On the left hand ring finger of my girlfriend, Danielle, there is a tiny black and red tattoo that haunts my days though I try to convince myself otherwise. It is a tattoo of the letter "N", and it is the first initial of her ex-girlfriend. Likewise, her ex has a black and red letter "D" tattooed in the same place. Although gays and lesbians cannot legally marry, during the five years that they were together they decided to celebrate their commitment by getting the tattoos in lieu of engagement/wedding rings.
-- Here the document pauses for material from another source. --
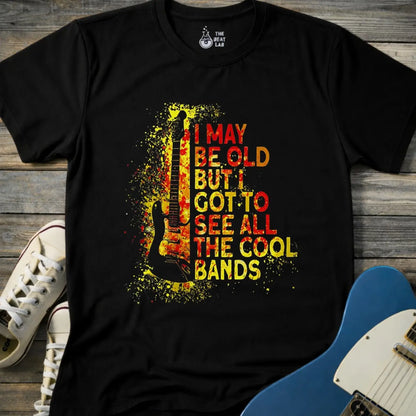 See All the Cool Bands T-shirt - Black / S - T-Shirt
Speaking of lesbians, out actress Portia De Rossi tattooed the initials "FG" on her ring finger while engaged to girlfriend Francesca Gregorini. When the pair split after three years, Portia announced plans to remove the tattoo saying, "I'm not saying it's anything I regret doing, because I don't, but it just doesn't make any sense now." Colin Farrell & Amelia Warner also exchanged ring tattoos on their ring fingers before divorcing just four months later along with dult entertainment superstar, Jenna Jameson, who had second husband Jay Sterling's first name inked on her wedding ring finger. They filed for divorce after 3.5 years of wedded bliss. One of the most famous examples of wedding ring tattoos involve buxom blonde "Baywatch" star, Pamela Anderson, and her ex-husband Tommy Lee. Instead of exchanging rings, Pamela tattoed "Tommy" onto her ring finger. Tommy, on the other hand, tattooed "Pamela" on his genitals.
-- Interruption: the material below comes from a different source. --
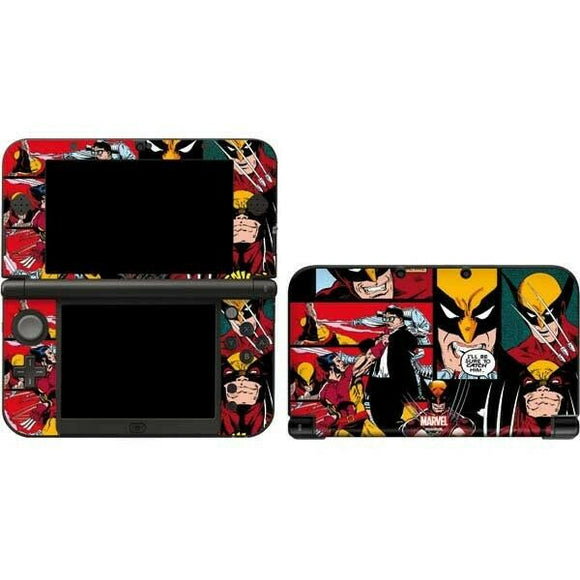 Marvel Wolverine Comic Collage Nintendo 3DS XL Skin By Skinit NEW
Some people get wedding ring tattoos as a place holder until they can afford a real ring. Others rebel against actual rings altogether, using tattoos as an alternative in lieu of diamonds, and still others opt for tattoos because they work at a job (construction, for example) where a real ring would easily get destroyed. Choosing a tattoo is a careful process. The tattoo you decide on should be a reflection of your commitment to one another as well as your own individual personalities. Some people like the literal option of getting a ring design tattooed on their fingers while others choose to get the first name, nickname or initials of their loved one. Some people go for a deeper interpretation, like an image that has sentimental value, the numbers that represent the day they met, or a quote or series of words that have a meaning only the couple can understand. Either way, a tattooed wedding ring is a representative of solidity and commitment, a testament to love that you can never take off and leave behind or accidentally drop down the sink in the kitchen.

Of course, with the divorce rate in America being so high these days, we cannot talk about wedding ring tattoos without mentioning the possibility of splitting up. Unless you have scores of money like the celebrities mentioned above, laser tattoo removal is out of the question. The image you select is going to be with you for the rest of your natural born life. Getting the name of your favorite band or the traditional butterfly on your ankle is one thing--even if you end up disliking the group ten years later, you can chalk it up to the experience and view it instead as a permanent reminder of youth or freedom, a memorial of who you used to be, who you would not be now without the past that led you here.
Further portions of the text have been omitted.